VIENNE – L’ancien chancelier autrichien Sebastian Kurz a été jugé mercredi pour avoir fausses déclarations lors d’une enquête parlementaire sur la corruption présumée de son premier gouvernement.
Autrefois étoile montante des conservateurs en Europe, M. Kurz a démissionné en 2021 dans le cadre d’une autre enquête pour corruption et a depuis quitté la vie politique.
M. Kurz, qui nie les faits qui lui sont reprochés, risque jusqu’à trois ans de prison s’il est reconnu coupable.
L’affaire, qui s’est ouverte devant le tribunal pénal de Vienne, est centrée sur son témoignage dans le cadre d’une enquête portant sur la coalition qu’il a dirigée de 2017, lorsque son Parti populaire conservateur a formé un gouvernement avec le Parti de la liberté d’extrême droite, jusqu’à l’effondrement de ce dernier en 2019.
Les procureurs accusent Kurz d’avoir fourni de faux témoignages en juin 2020 concernant son rôle dans la création d’une société holding, OeBAG, qui gère le rôle de l’État dans certaines entreprises, et la nomination de son ancien proche confident Thomas Schmid à sa direction.
Dans leur acte d’accusation, qui n’a pas été rendu public mais obtenu par l’Associated Press, les procureurs font référence à des messages de chat potentiellement incriminants trouvés sur le téléphone de M. Schmid. Ils ont longuement interrogé M. Schmid, qui coopère avec les procureurs dans le but de devenir un témoin de la Couronne.

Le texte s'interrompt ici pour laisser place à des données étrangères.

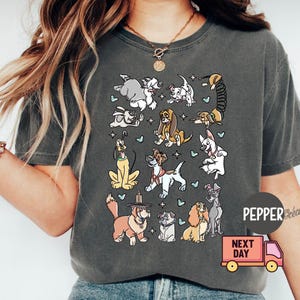 May include: Dark gray t-shirt featuring a colorful cartoon illustration of various dog breeds. The design includes dogs of different sizes and colors, with small blue heart accents. The shirt has a relaxed fit.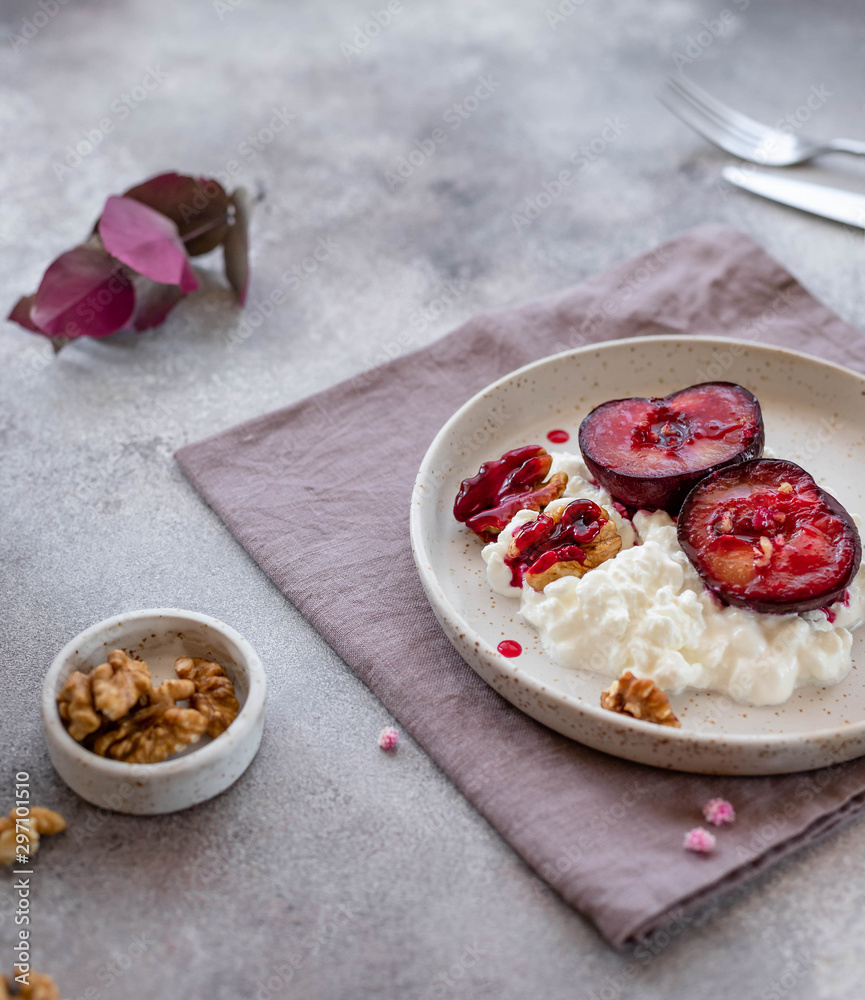 delicious breakfast, yogurt with fruits and nuts in a ceramic plate. gray concrete background delicious breakfast, yogurt with fruits and nuts in a ceramic plate. gray concrete background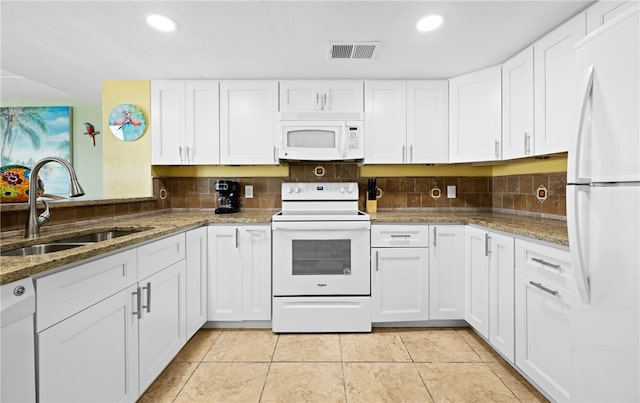 kitchen with white cabinetry, sink, white appliances, and stone countertops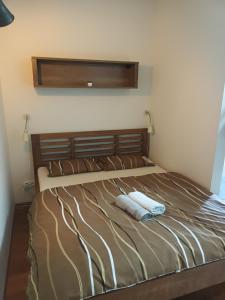 Postel nebo postele na pokoji v ubytování Apartmán Šumavský Buk 14 Brčálník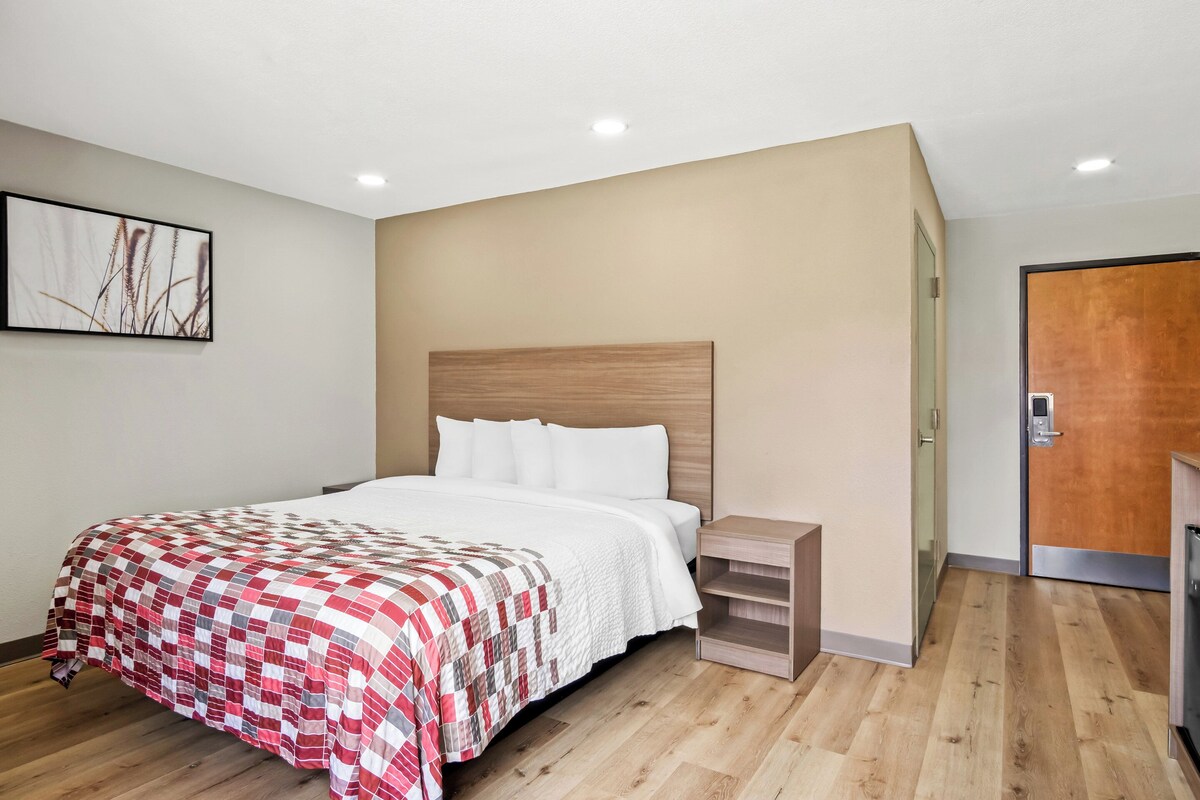 Ein modernes Hotelzimmer mit Holzboden, einem Bett mit rot-weiß gestreckter Bettdecke, einem Nachttisch und einem Holzkopfteil.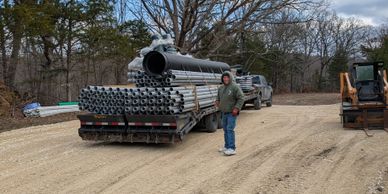 Man standing next to a truck loaded with pipes on a dirt road.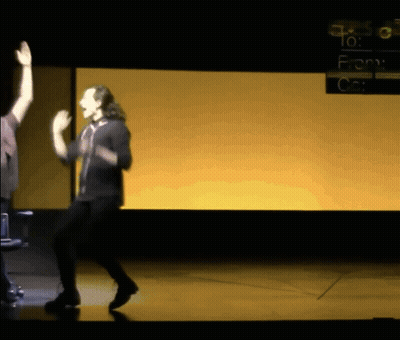 A Man Dancing On A Stage In Front Of A Screen That Says " To : From " GIF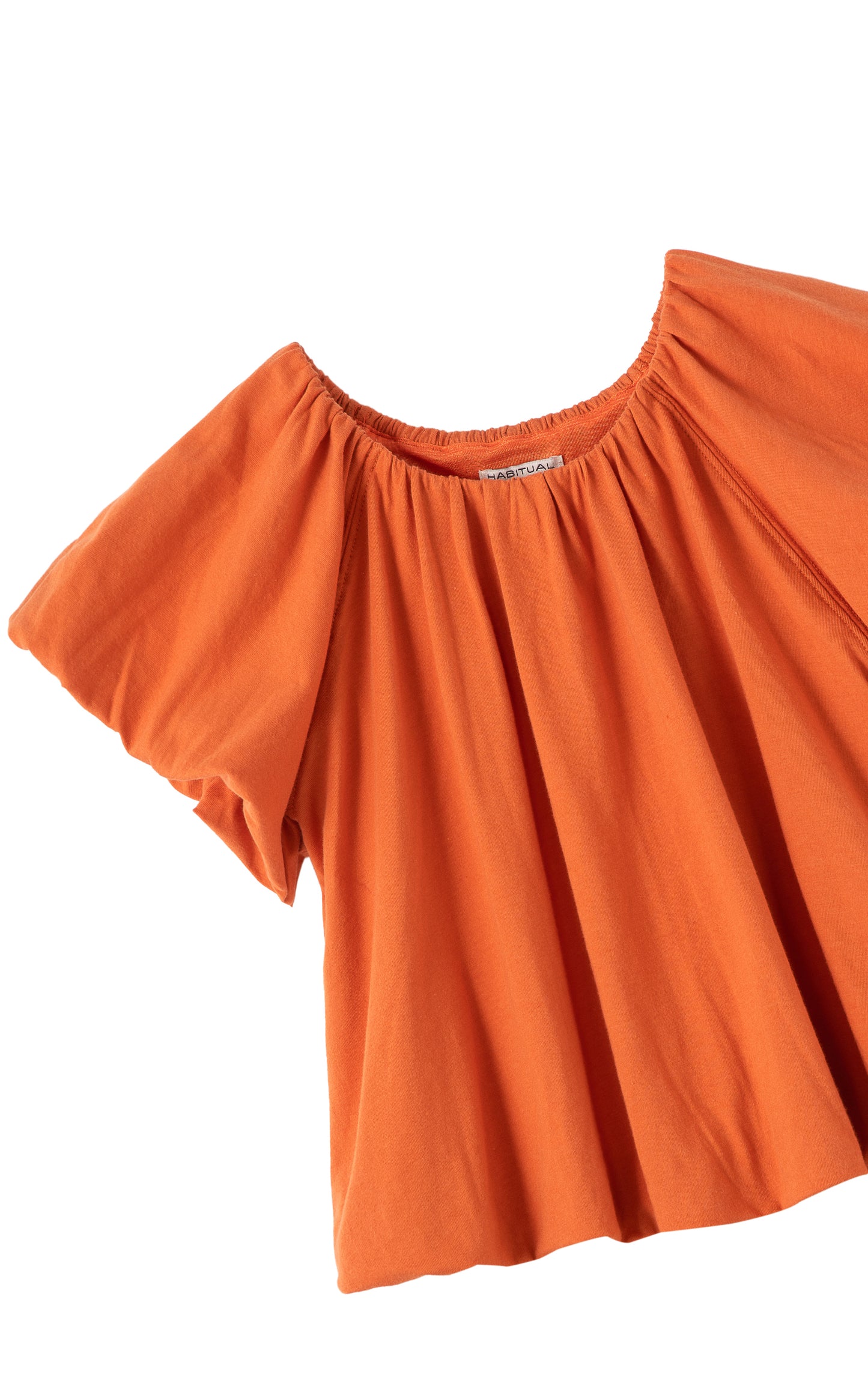 Close up view of an orange off the shoulder top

M. Kurz a déclaré que l’enquête était influencée par la politique.
« J’espère néanmoins que le procès sera équitable et qu’il sera prouvé que ces accusations sont fausses », a-t-il déclaré à son arrivée au tribunal en compagnie de son avocat.
M. Kurz devrait être interrogé vendredi.
Son ancien chef de cabinet, Bernhard Bonelli, est également accusé ainsi que Bettina Glatz-Kremsner, l’ancienne directrice de Casinos Austria, qui est accusée d’avoir fait de fausses déclarations concernant la nomination d’un membre du conseil d’administration de cette entité.

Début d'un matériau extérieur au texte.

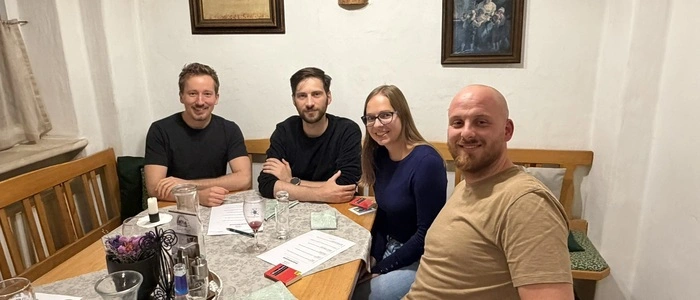Gruppenfoto der zufällig zusammengewürfelten Gruppe an einem Tisch in einem rustikal eingerichteten Wirtshaus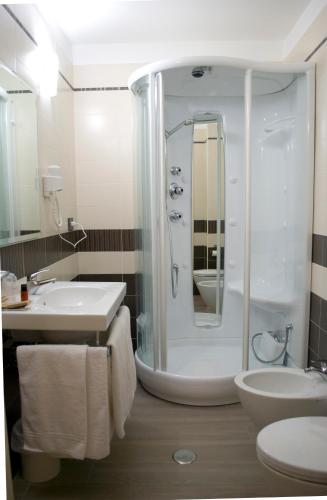 a bathroom with a shower and a sink at Galileo B&B in Rende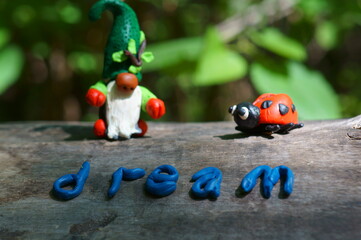 The inscription dream on the wooden surface. Next to the figure of a dwarf and a ladybug.
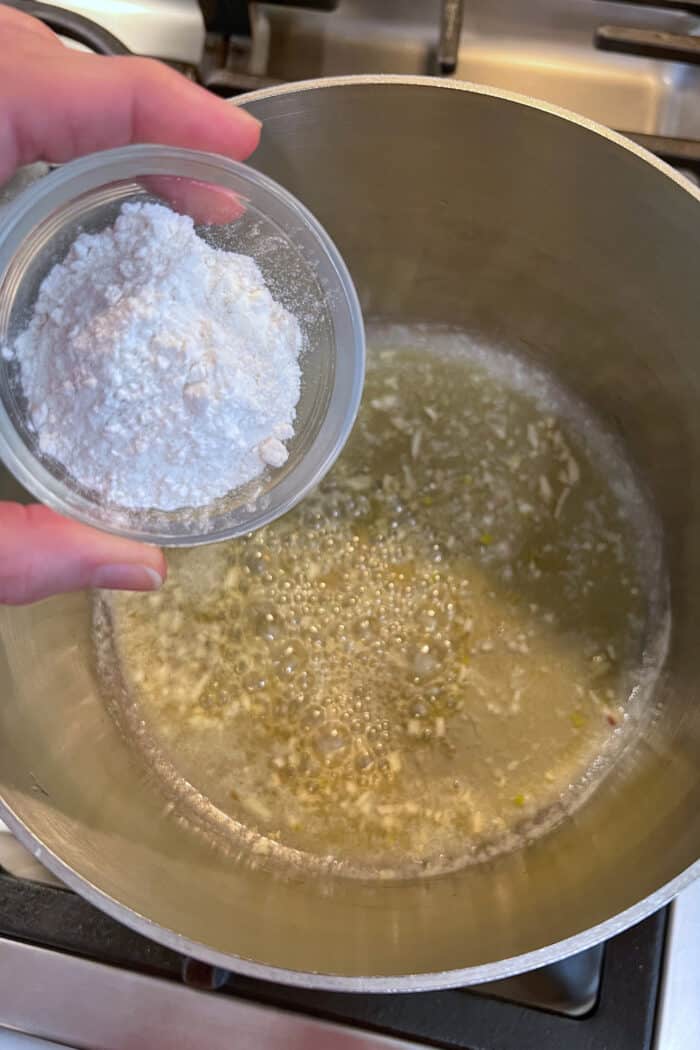 A hand holding a glass bowl of flour over a soup pan with butter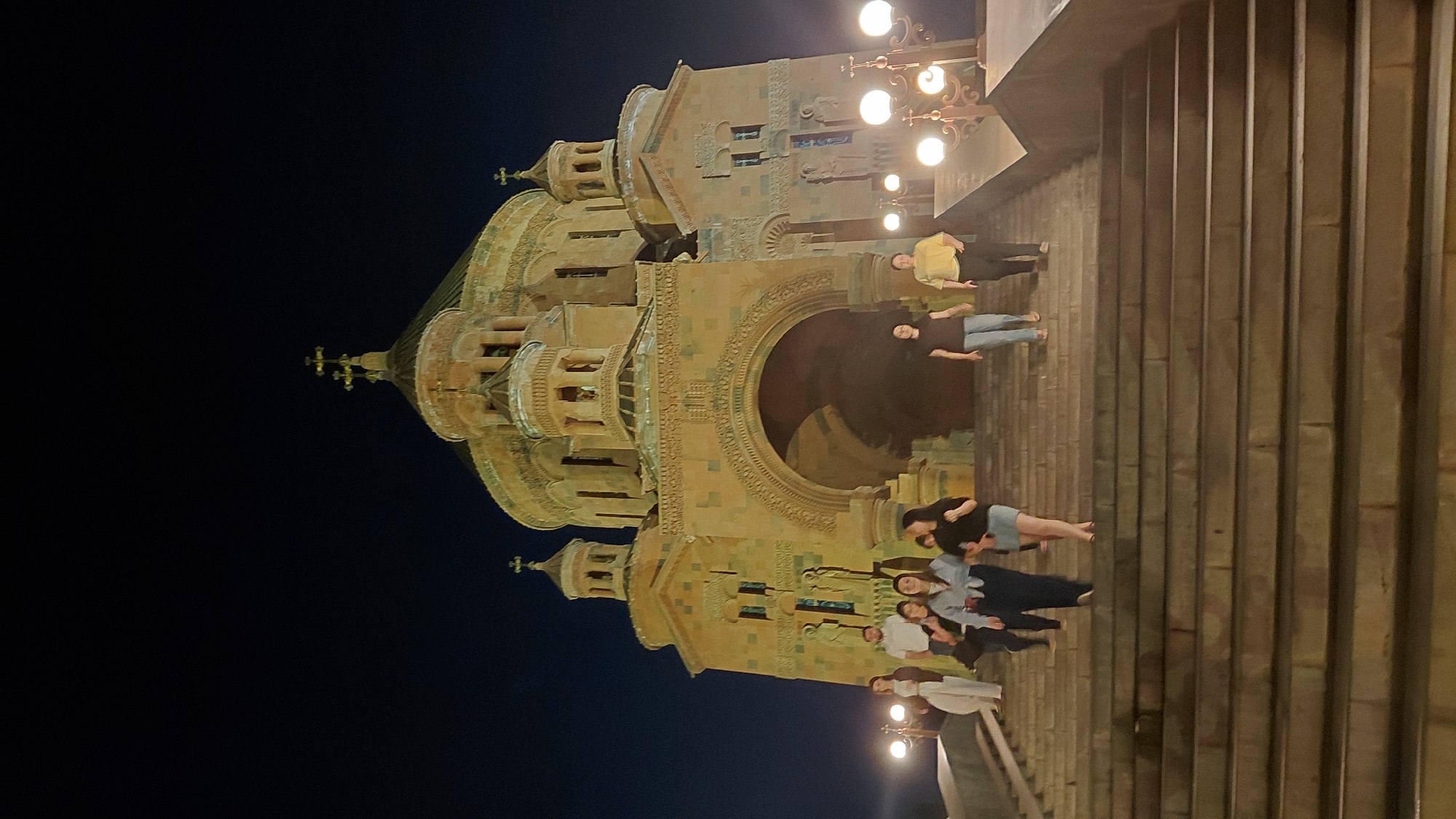 This media file shows a group of people gathered on a set of stone steps at night, with a large, intricately designed building in the background. The building appears to be a church or cathedral, with multiple domes and ornate carvings. It is illuminated by exterior lights, casting a warm glow. The sky is dark, indicating it is nighttime. The people are positioned at various levels on the steps, some standing, some sitting. They are dressed casually in a mix of light and dark clothing. One person in the upper portion of the steps is wearing a yellow shirt and dark pants. Another person below them is wearing a black top and jeans. A group of younger individuals are further down, some appearing to be interacting with each other, suggesting a social gathering or a sightseeing visit. The overall mood seems relaxed and convivial. The steps are wide and made of large stone blocks. Decorative lights, resembling old-fashioned street lamps, are visible on poles to the left of the steps, also illuminated. The architecture of the building and the style of the lights suggest a location in Eastern Europe or the Middle East, consistent with the provided location context of Abovyan, Armenia. There is no visible text in the image.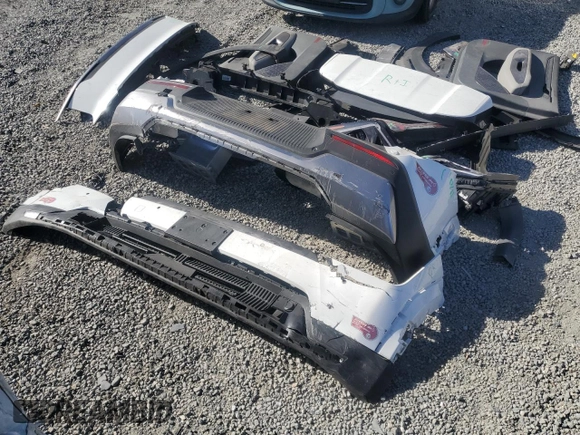 2024 Kia EV9 Wind z VIN KNDAFFS59R6030316, wystawiony jako Copart lot #87417224 z przebiegiem 10 654 mil mil oraz Szkoda całkowita • Salvage title. Historia ofert i sprzedaży dostępna na DreamBid. Obrazek 13.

Le procureur Gregor Adamovic a déclaré que M. Kurz et les deux autres accusés avaient menti au public.
L’avocat de la défense, Otto Dietrich, a prononcé un long discours au cours duquel il a projeté sur un écran les principales déclarations de M. Kurz à l’enquête parlementaire et a affirmé que les procureurs les avaient mal interprétées.
Pendant que Dietrich tentait de réfuter les accusations portées contre l’ancien chancelier, Kurz, qui semblait tendu au début du procès, a commencé à se pencher en arrière sur son siège, les bras croisés, tout en écoutant attentivement.
M. Dietrich a également remis en question l’impartialité du juge Michael Radasztics, affirmant qu’il avait déjà eu des relations avec l’un des principaux opposants politiques de M. Kurz. Les procureurs ont déclaré qu’ils examineraient sa demande de changement de juge. M. Radasztics a fermement nié toute partialité.
L’accusation de faux témoignage est passible d’une peine maximale de trois ans de prison. C’est la première fois depuis plus de 30 ans qu’un ancien chancelier autrichien est jugé.
M. Kurz a accédé au pouvoir grâce à un programme anti-immigration et à la promesse de réformer la bureaucratie autrichienne. Lorsqu’il est devenu chef de son Parti populaire autrichien puis chancelier en 2017, il n’avait que 31 ans, ce qui faisait de lui le plus jeune dirigeant démocratiquement élu à l’époque. Sous sa direction, le Parti populaire a remporté les élections de 2017 et de 2020.
Kurz a débranché la prise sur son premier gouvernement après la diffusion d’une vidéo montrant le vice-chancelier et chef du parti de la liberté de l’époque, Heinz-Christian Strache, semblant offrir des faveurs à un prétendu investisseur russe.
Quelques mois plus tard, M. Kurz est revenu au pouvoir dans le cadre d’une nouvelle coalition avec les Verts écologistes au début de l’année 2020. démissionne de son poste de chancelier en octobre 2021. Les Verts avaient exigé son remplacement après que les procureurs eurent annoncé qu’il était la cible d’une deuxième enquête sur des soupçons de corruption et d’abus de confiance. M. Kurz a également nié tout acte répréhensible dans cette affaire.
Le procès est suivi de près alors que l’ancien parti de M. Kurz est confronté à une faible cote de popularité avant les élections parlementaires régulières de l’année prochaine.
Les procureurs prévoient d’appeler au moins 18 témoins, dont Strache et Schmid.
M. Kurz travaille aujourd’hui comme stratège mondial pour Thiel Capital, fondé par le milliardaire germano-américain Peter Thiel, spécialiste du capital-risque. Il a également créé sa propre société de conseil.